SEC. 4. MODIFICATIONS TO RULES RELATING TO INVERTED CORPORATIONS.
(a) In General.--Subsection (b) of section 7874 is amended to read
as follows:
``(b) Inverted Corporations Treated as Domestic Corporations.--
``(1) In general.--Notwithstanding section 7701(a)(4), a
foreign corporation shall be treated for purposes of this title
as a domestic corporation if--
``(A) such corporation would be a surrogate foreign
corporation if subsection (a)(2) were applied by
substituting `80 percent' for `60 percent', or
``(B) such corporation is an inverted domestic
corporation.
``(2) Inverted domestic corporation.--For purposes of this
subsection, a foreign corporation shall be treated as an
inverted domestic corporation if, pursuant to a plan (or a
series of related transactions)--
``(A) the entity completes after December 22, 2017,
the direct or indirect acquisition of--
``(i) substantially all of the properties
held directly or indirectly by a domestic
corporation, or
``(ii) substantially all of the assets of,
or substantially all of the properties
constituting a trade or business of, a domestic
partnership, and
``(B) after the acquisition, either--
``(i) more than 50 percent of the stock (by
vote or value) of the entity is held--
``(I) in the case of an acquisition
with respect to a domestic corporation,
by former shareholders of the domestic
corporation by reason of holding stock
in the domestic corporation, or
``(II) in the case of an
acquisition with respect to a domestic
partnership, by former partners of the
domestic partnership by reason of
holding a capital or profits interest
in the domestic partnership, or
``(ii) the management and control of the
expanded affiliated group which includes the
entity occurs, directly or indirectly,
primarily within the United States, and such
expanded affiliated group has significant
domestic business activities.
``(3) Exception for corporations with substantial business
activities in foreign country of organization.--A foreign
corporation described in paragraph (2) shall not be treated as
an inverted domestic corporation if after the acquisition the
expanded affiliated group which includes the entity has
substantial business activities in the foreign country in which
or under the law of which the entity is created or organized
when compared to the total business activities of such expanded
affiliated group. For purposes of subsection (a)(2)(B)(iii) and
the preceding sentence, the term `substantial business
activities' shall have the meaning given such term under
regulations in effect on December 22, 2017, except that the
Secretary may issue regulations increasing the threshold
percent in any of the tests under such regulations for
determining if business activities constitute substantial
business activities for purposes of this paragraph.

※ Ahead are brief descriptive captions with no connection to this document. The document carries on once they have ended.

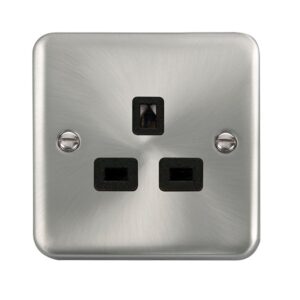 Click Deco Plus 13A 1 Gang 3 Pin Safety Shutter Unswitched Socket Outlet Satin Chrome White Insert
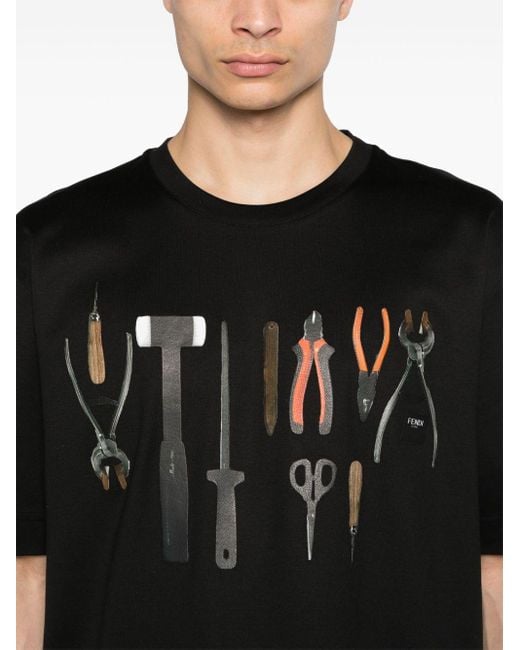 T-shirt en coton à imprimé graphique Fendi pour homme en coloris Black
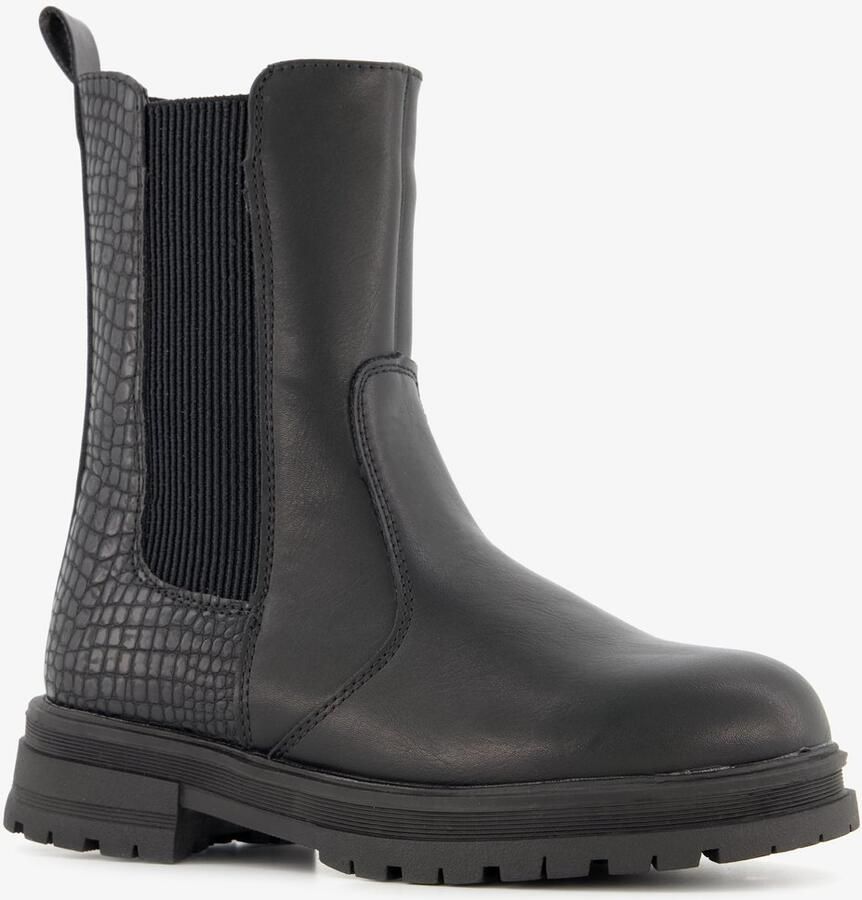 BLUE BOX meisjes Chelsea boots met croco dessin zwart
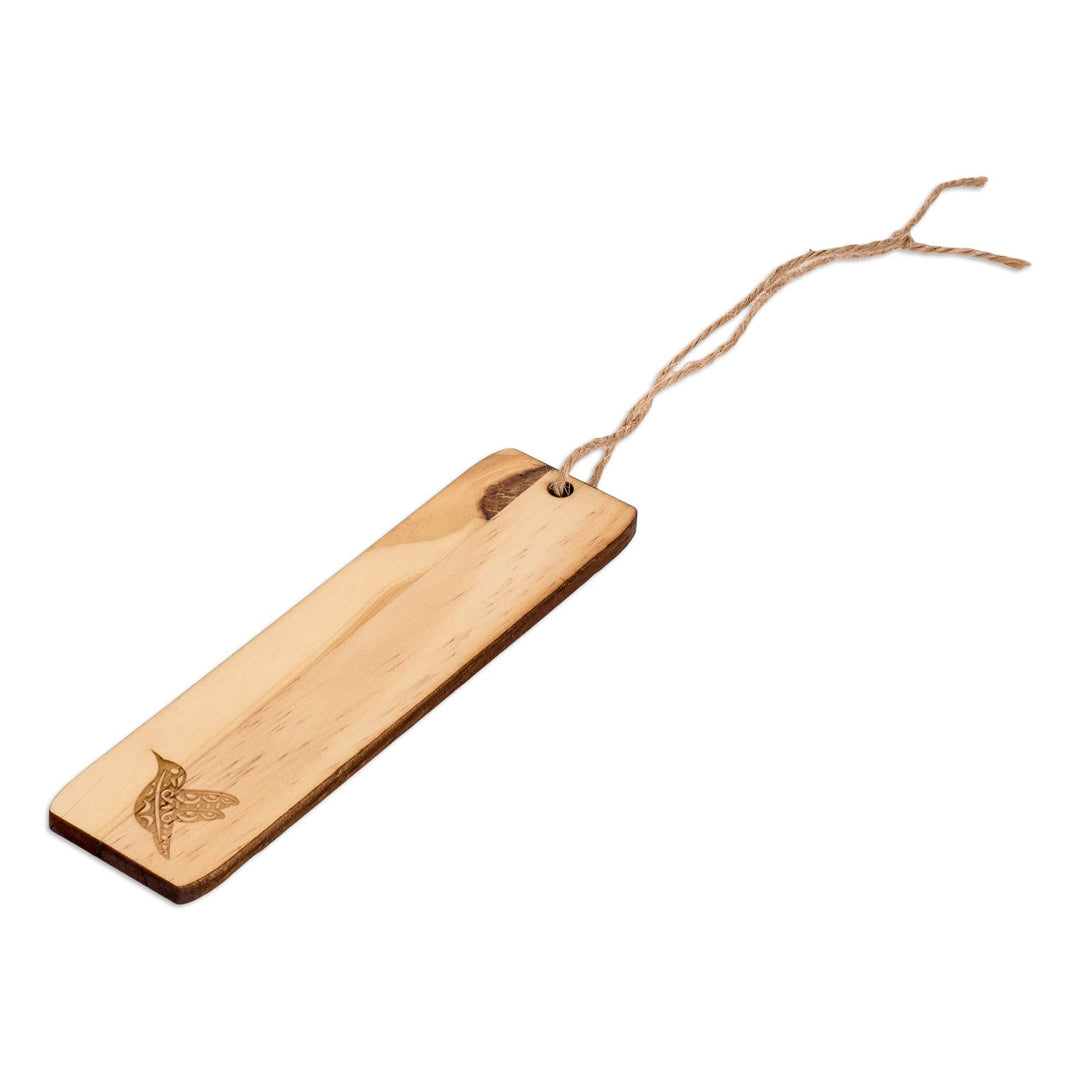 Tropical Hummingbird-Themed Handcrafted Pinewood Bookmark - Harmonious Words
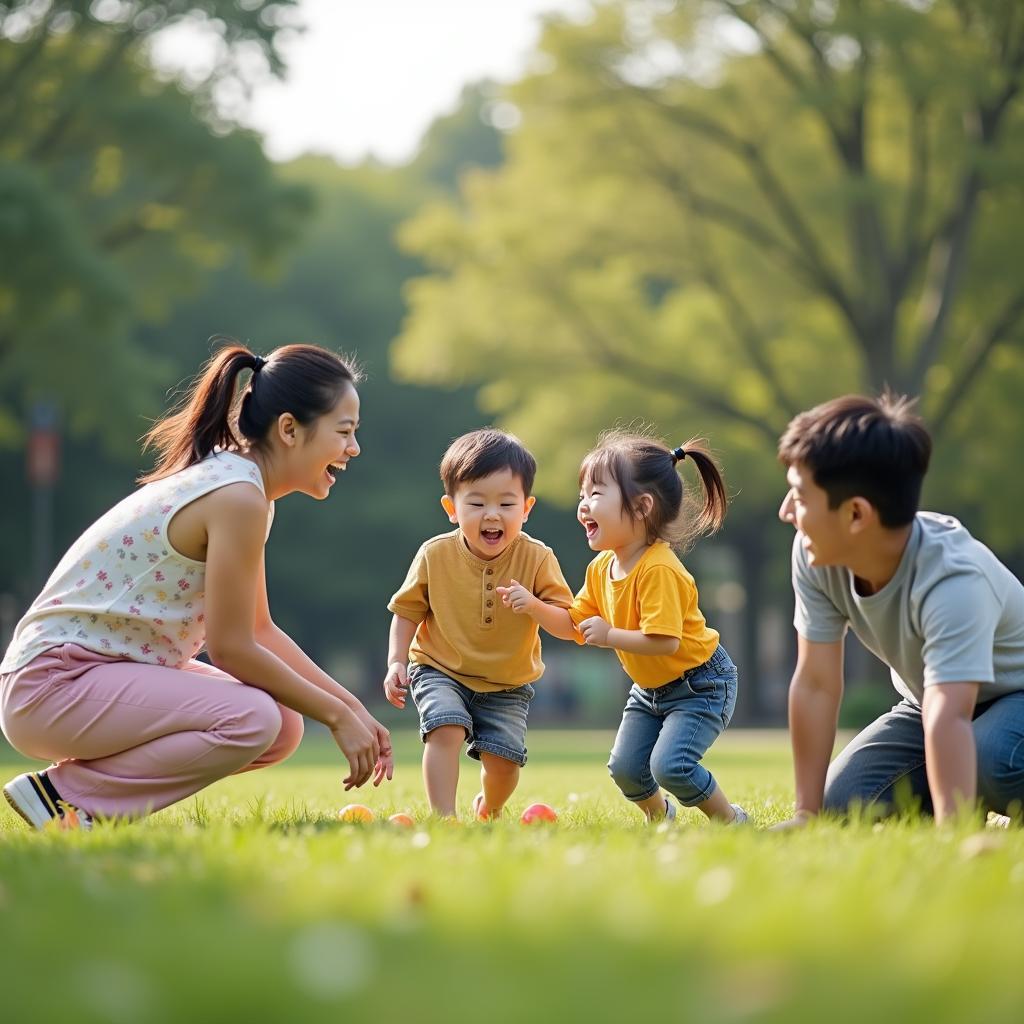 Gia đình Hàn Quốc cùng nhau tham gia trò chơi vận động ngoài trời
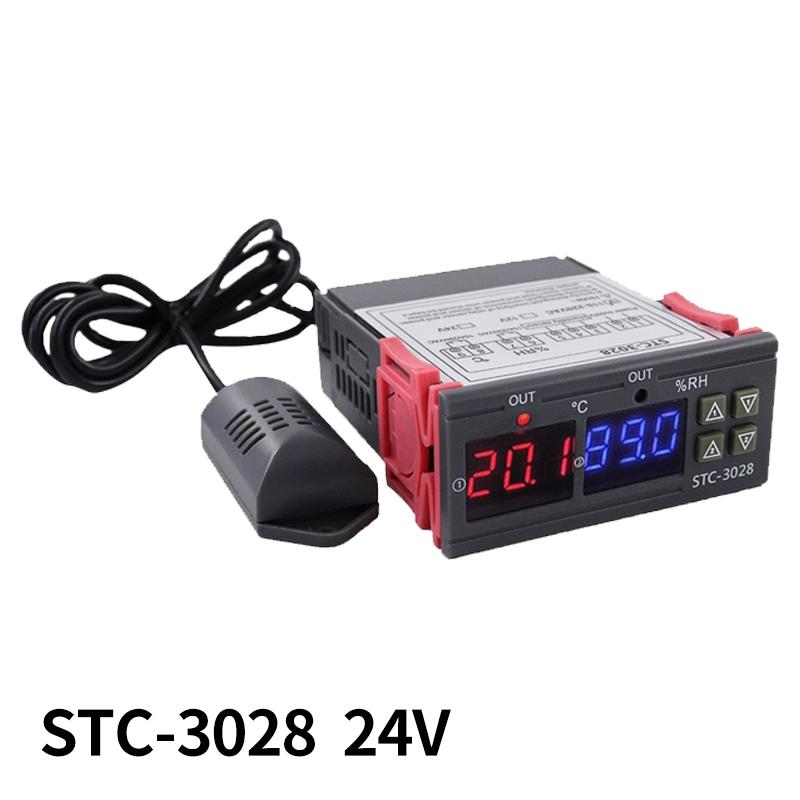 STC-3028 Dual Digital Temperature Humidity Controller 12V 24V 220V Thermoregulator Thermostat for Heating Cooling in Incubator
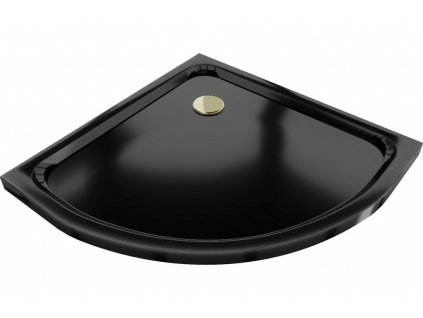 MEXEN/S - Flat sprchová vanička čtvrtkruhová slim 90 x 90, černá + zlatý sifon 41709090G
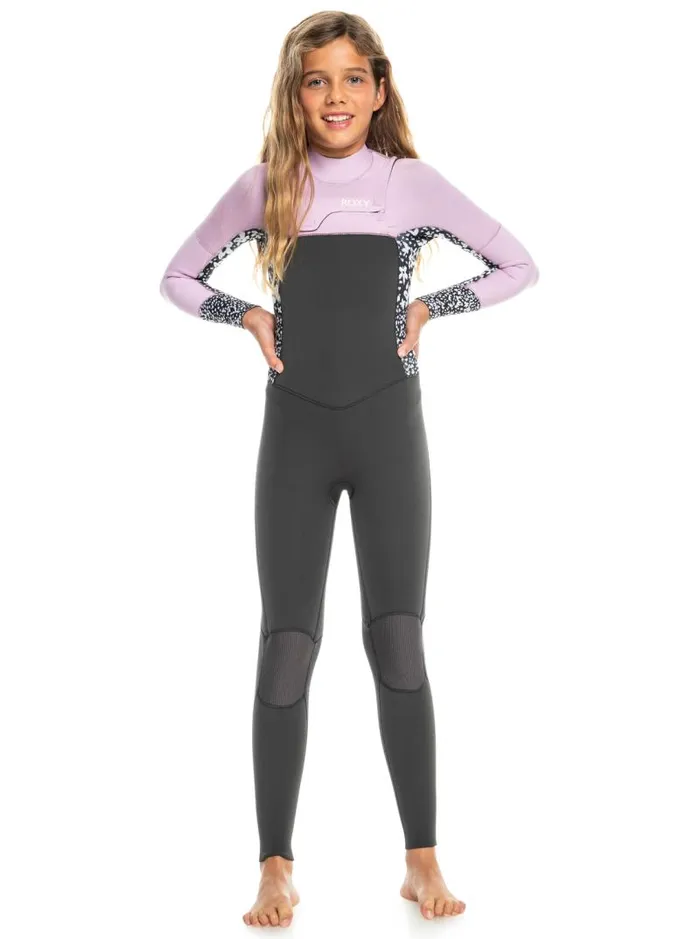 Roxy Surf Girl039s 816 32mm Swell Series Back Zip Wetsuit Jetorchid Bouquet 8211 Kids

``(4) Management and control.--For purposes of paragraph
(2)(B)(ii)--
``(A) In general.--The Secretary shall prescribe
regulations for purposes of determining cases in which
the management and control of an expanded affiliated
group is to be treated as occurring, directly or
indirectly, primarily within the United States. The
regulations prescribed under the preceding sentence
shall apply to periods after December 22, 2017.
``(B) Executive officers and senior management.--
Such regulations shall provide that the management and
control of an expanded affiliated group shall be
treated as occurring, directly or indirectly, primarily
within the United States if substantially all of the
executive officers and senior management of the
expanded affiliated group who exercise day-to-day
responsibility for making decisions involving
strategic, financial, and operational policies of the
expanded affiliated group are based or primarily
located within the United States. Individuals who in
fact exercise such day-to-day responsibilities shall be
treated as executive officers and senior management
regardless of their title.
``(5) Significant domestic business activities.--For
purposes of paragraph (2)(B)(ii), an expanded affiliated group
has significant domestic business activities if at least 25
percent of--
``(A) the employees of the group are based in the
United States,
``(B) the employee compensation incurred by the
group is incurred with respect to employees based in
the United States,
``(C) the assets of the group are located in the
United States, or
``(D) the income of the group is derived in the
United States,
determined in the same manner as such determinations are made
for purposes of determining substantial business activities
under regulations referred to in paragraph (3) as in effect on
December 22, 2017, but applied by treating all references in
such regulations to `foreign country' and `relevant foreign
country' as references to `the United States'. The Secretary
may issue regulations decreasing the threshold percent in any
of the tests under such regulations for determining if business
activities constitute significant domestic business activities
for purposes of this paragraph.''.
(b) Conforming Amendments.--
(1) Clause (i) of section 7874(a)(2)(B) is amended by
striking ``after March 4, 2003,'' and inserting ``after March
4, 2003, and before December 23, 2017,''.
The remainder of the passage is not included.